(Crawled caption data)
────────────────────

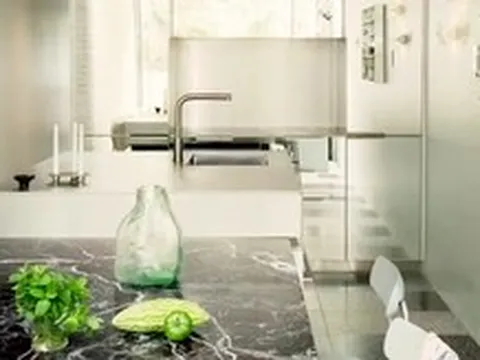 Nhà bếp có gương và kính khắp tường giúp nhà phố hẹp thành nơi đáng sống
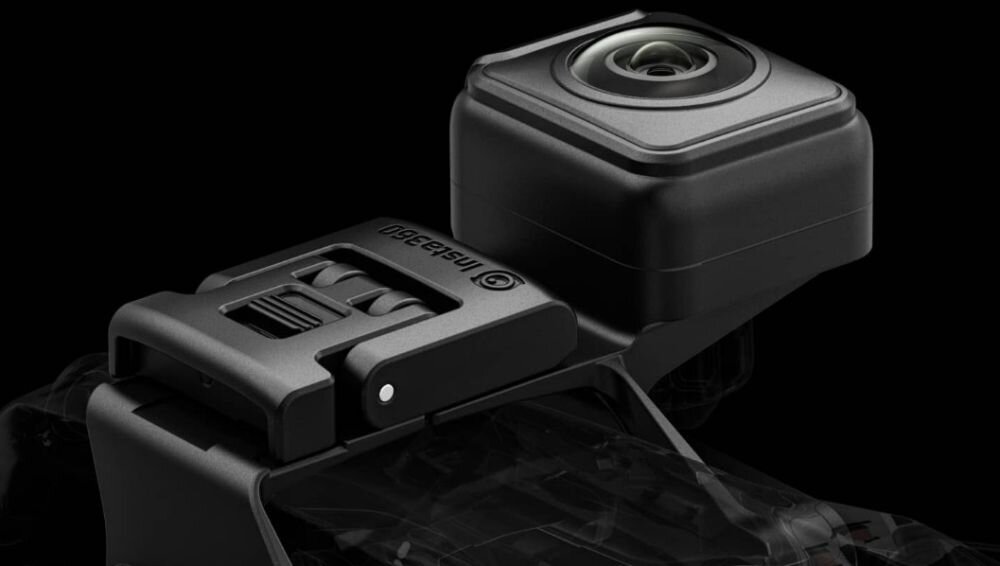 Kamera INSTA 360 Sphere sport montaż nagrywanie stabilizacja montaż edycja filtry ostrość śledzenie tryby bateria akumulator zasilanie ładowanie rozdzielczość filmy obudowa odporność wielkość łączność sterowanie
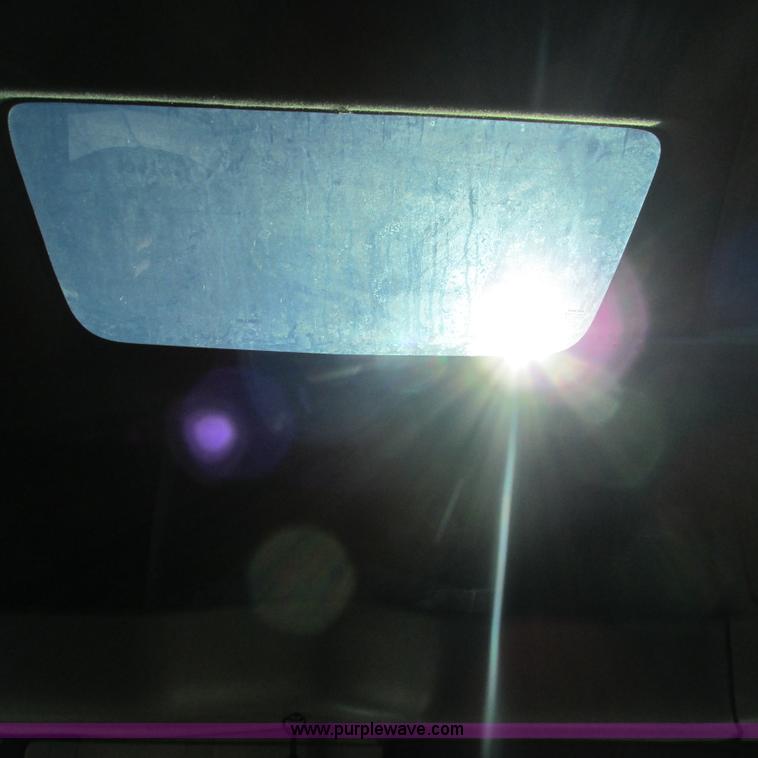 image for item L5331 2004 Volvo VNL semi truck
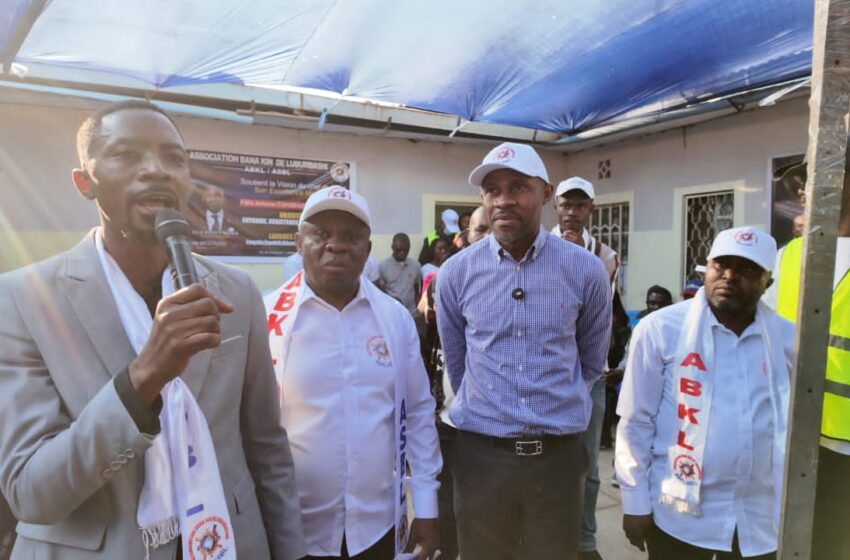 Devant les membres de l’ASBL Bana Kin de Lubumbashi Patrick Muyaya : « Nous devons nous mobiliser dans l’unité derrière le Président de la République pour mettre fin à la guerre »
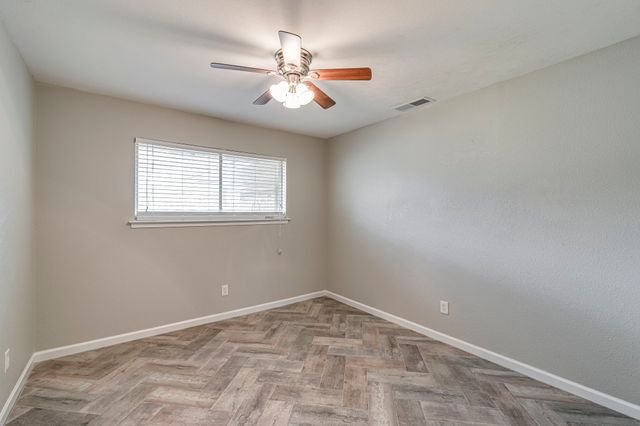 1401 Yucca Street, Midlothian, TX 76065
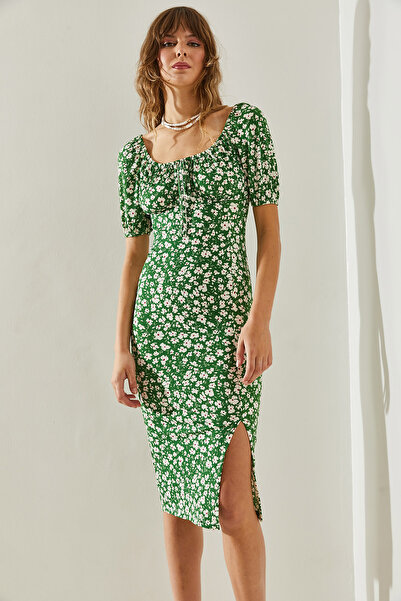 Bianco Lucci Daisy vzorované šaty s melounovým rukávem na zavazování – detail rozparku,60251371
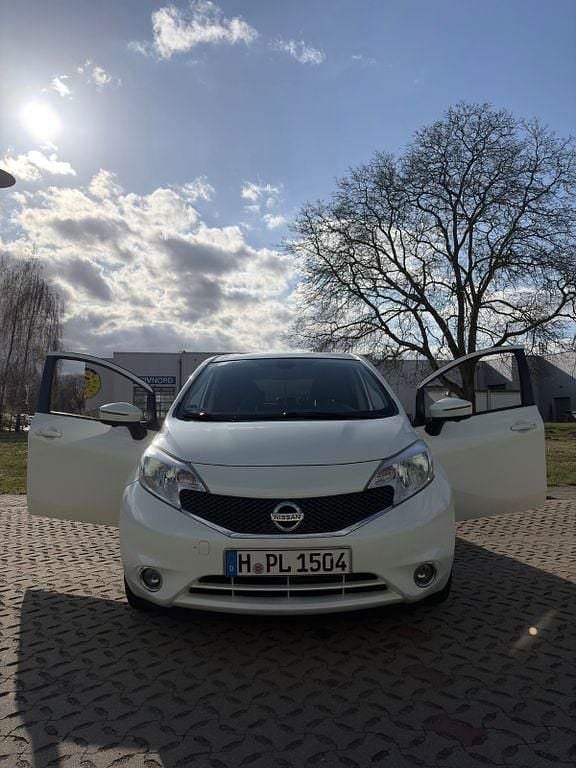 Gebraucht Nissan Note Tekna 90 PS (66 kW) 2013 Weiß Kleinwagen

────────────────────

In the answer, include exactly the lines from the top of the entries through the line containing "image for item", and nothing else, not even the pictures.

### Task solution
 Nhà bếp có gương và kính khắp tường giúp nhà phố hẹp thành nơi đáng sống
 Kamera INSTA 360 Sphere sport montaż nagrywanie stabilizacja montaż edycja filtry ostrość śledzenie tryby bateria akumulator zasilanie ładowanie rozdzielczość filmy obudowa odporność wielkość łączność sterowanie
 image for item L5331 2004 Volvo VNL semi truck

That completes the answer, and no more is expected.